Os príncipes e os fariseus reuniram o concílio (Jo 11, 47). Eles se reúnem para tomar uma decisão iníqua. Tramam contra Jesus porque Ele fala a verdade e isso os incomoda, condena os erros e reprova a falsidade na qual os fariseus se identificam. Das suas más paixões e de todas as manifestações da inveja que os pervadem surge o decreto da morte daquele que é a Vida.
Os discípulos viveram essa mesma condição do Mestre. Os que seguiram a Cristo praticaram seus ensinamentos, percorreram o mesmo caminho e chegaram ao Calvário. Morreram como testemunhas da fé.
Podemos explicar nossa vida tão cheia de misérias e sofrimentos devido à nossa vivência tão pouco comprometida, nossa sensibilidade adormecida, dureza de nosso coração que teima em fechar-se à verdade, ao amor, e à nossa maneira distorcida de viver a fé. E podemos experimentar o sofrimento exatamente por sermos fiéis a Jesus.

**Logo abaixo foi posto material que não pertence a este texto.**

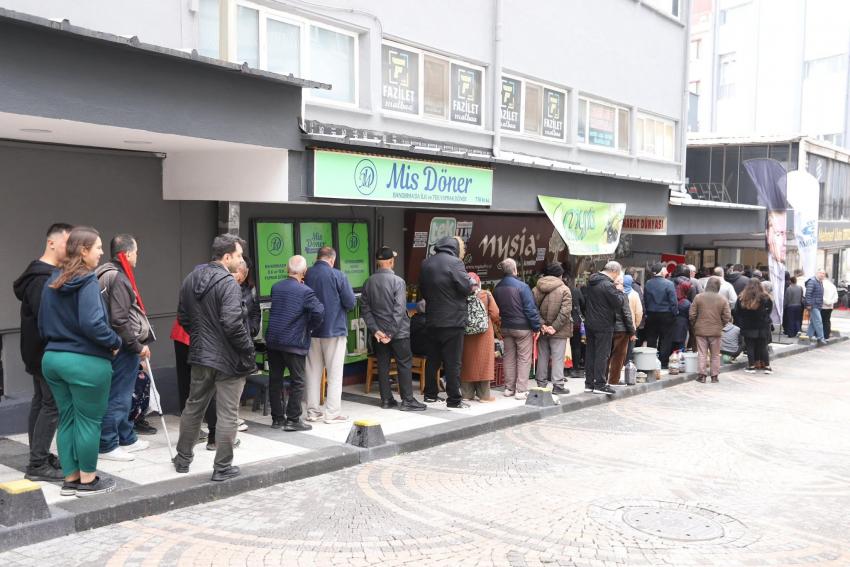 BANDIRMA’DA CUMHURİYET COŞKUSU: GELENEKSEL CUMHURİYET YEMEĞİ’NDE BİRLİK VE DAYANIŞMA MESAJI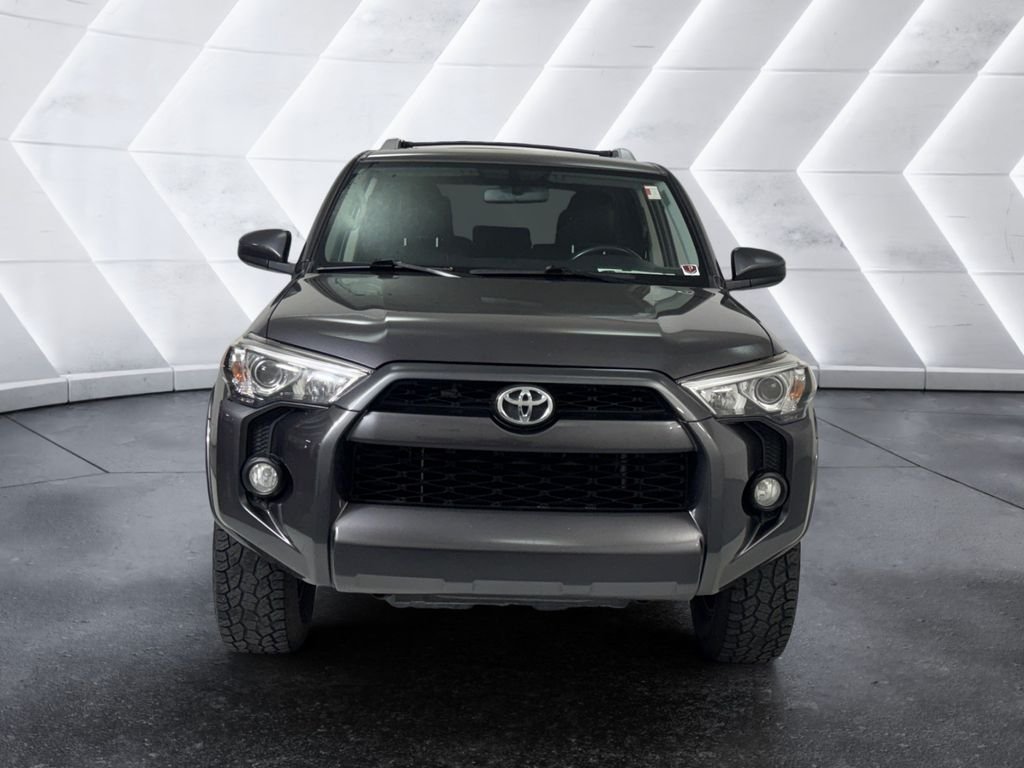 Used 2018 Gray Toyota SR5 image 2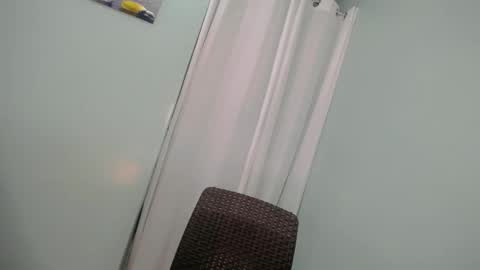 Snapshot of shaggynm505 chatting on February 21, 2026, 10:27 am Beautiful Angel online show from February 21, 2026, 10:27 am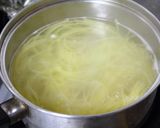 ベーコンと玉ねぎのトマトソースパスタ作り方2写真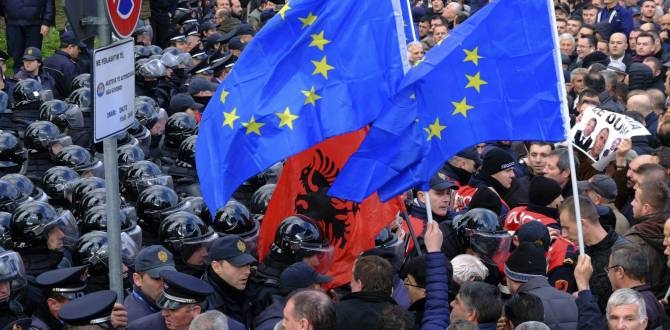 В Албании штурмовали парламент: пострадало 15 человек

Quem renega sua fé é um apóstata, um traidor que manifesta o contrário do que diz crer. Não sejamos daqueles a quem o profeta Elias diz: “Até quando andareis mancando dos dois pés? Se o Senhor é Deus, segui-o; mas se é Baal, segui a Baal” (1Rs 18,21).
Preguiça, covardia, desrespeito humano provocam “decepção” em Deus. Como essa conduta é diferente da dos fervorosos cristãos das catacumbas. Eles padeceram escárnios, zombarias, perseguições, martírio porque viviam autenticamente a fé que professavam e isso atraía tanto para a conversão como para morte.
Prestemos atenção: muitas vezes podemos nos iludir assumindo a fé à nossa maneira, segundo os próprios gostos, com uma interpretação liberal da verdade, com apego às próprias ideais em contraposição ao mistério revelado.
O que pensam nossos inimigos do comportamento que temos em relação à fé que professamos, da ética-moral que praticamos, da Igreja que expressamos e vivenciamos? Nós os estamos confundindo, edificando ou escandalizando?
Artigo de autoria do Padre José Alem, cmf.
Texto extraído da seção “Espiritualidade” da Revista Ave Maria – Edição Março/2017.